Fin d’un trimestre déjà sur cette année qui semble encore nouvelle. Premier trimestre, premier bilan, l’heure des comptes, non pour un dépôt de bilan, non, juste pour vérifier la trajectoire prise, s’assurer des jalons passés ou non, voir s’il faut redresser la barre. Trois mois passés sans les voir réellement passer, des mois peuplés de jours différents dans leurs contenus, avec toutefois un dénominateur commun, le positif. Depuis les dernières longueurs de 2008, la positive attitude s’est installée, le sourire affiché et bien ancré, la vision des choses bien différentes, les attentes aussi, la vie appelle la vie. Plus d’à peu près, de causes désespérées, terminé de jouer les éponges, de voler au secours de la veuve et de l’orphelin, le temps est venu de marcher et d’avancer, à deux, ça, ça serait le top et cela viendra, j’en suis convaincu, le tout est de faire LA rencontre, avancer main dans la main, d’un pas égal, sur un pied d’égalité, l’un avec l’autre, l’un pour l’autre, sans que jamais ce soit le même ou la même qui tire cette belle équipée.

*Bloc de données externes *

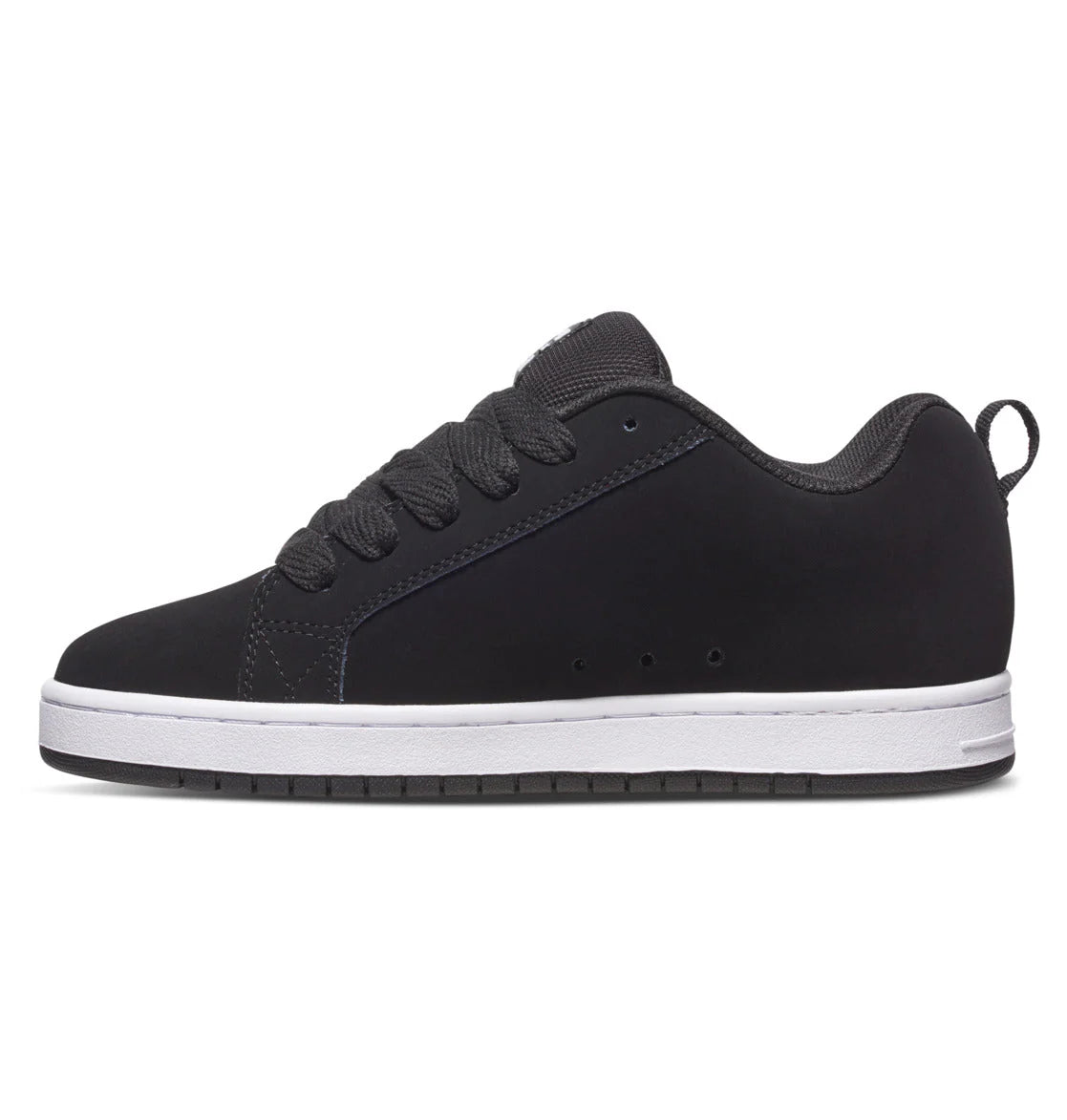Zapatillas Dc Court Graffik (001) Dc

Profiter de chaque instant dans ce qu’il a de plus simple et de plus différent, moment de folie, moment de répit, partage d’envies, activités sportives ou culturelles, bricolages ou activités domestiques, peu importe la chose si elle est partagée, le plus intéressant réside dans l’échange, la discussion, sans jugement, sans trahison, juste être soi, chacun, juste comprendre et aimer l’autre, simplement être compris et être aimé, sans suspicion, sans voir le temps passer et peser sur la relation…. Vision idyllique ? Non, je ne crois pas, je suis même sûr du contraire, il s’agit juste de l’expression de ce que je veux, de mes attentes. Ce n’est pas cela qui est idyllique, ça serait plutôt l’atteindre qui le serait. Question de temps, question de jours, bientôt, très bientôt, j’en suis sûr.

Pour en arriver là, il a fallu cheminer sur les sentiers pas toujours roses de la vie, déjouer les pièges, contourner les obstacles, sortir des fausses pistes menant vers l’abime, analyser et réfléchir, même si je n’aime pas trop le terme d’analyse tant son usage clinique peut en fausser le sens, se pencher sur soi au cœur des épreuves, savoir faire les bons choix, prendre les bonnes routes, à chaque intersection choisir la piste qui nous fait s’élever un peu plus, même si elle ne fait que quelques mètres, quelques pas. Ce n’est pas toujours la longueur qui compte, comme en randonnée, il est de petit raccourci qui aide à gagner du temps et économiser de grands détours…. Parallèle entre la vie et la randonnée, entre ma vie et mes passions, toujours, mais j’approche de l’infini et les parallèles se rejoignent bientôt, la vie devient plus passionnante et me passionne de plus en plus, je sens que j’approche de la grande piste, que j’épuise les derniers raccourcis, le regard est fixé sur l’horizon, non sur le chemin parcouru, c’est un trajet à sens unique, surtout pas un aller–retour, le but est de découvrir de nouveaux paysages, d’aller de l’avant, de forcer le pas, non dans l’allure mais dans la conviction, dans la façon de le poser, de plus en plus assuré, de plus en plus certains aussi de le poser au bon endroit, au bon moment. Depuis tant d’années, depuis tant de temps pris et passés à marcher, parfois reculer, parfois survoler des creux et des bosses, des pleins et des pointillés, parfois rebrousser chemin, repartir à l’aventure sur d’autres sentiers sans prendre le temps nécessaire et au demeurant précieux de se poser et de lire la carte de son cœur. L’expérience vient en marchant.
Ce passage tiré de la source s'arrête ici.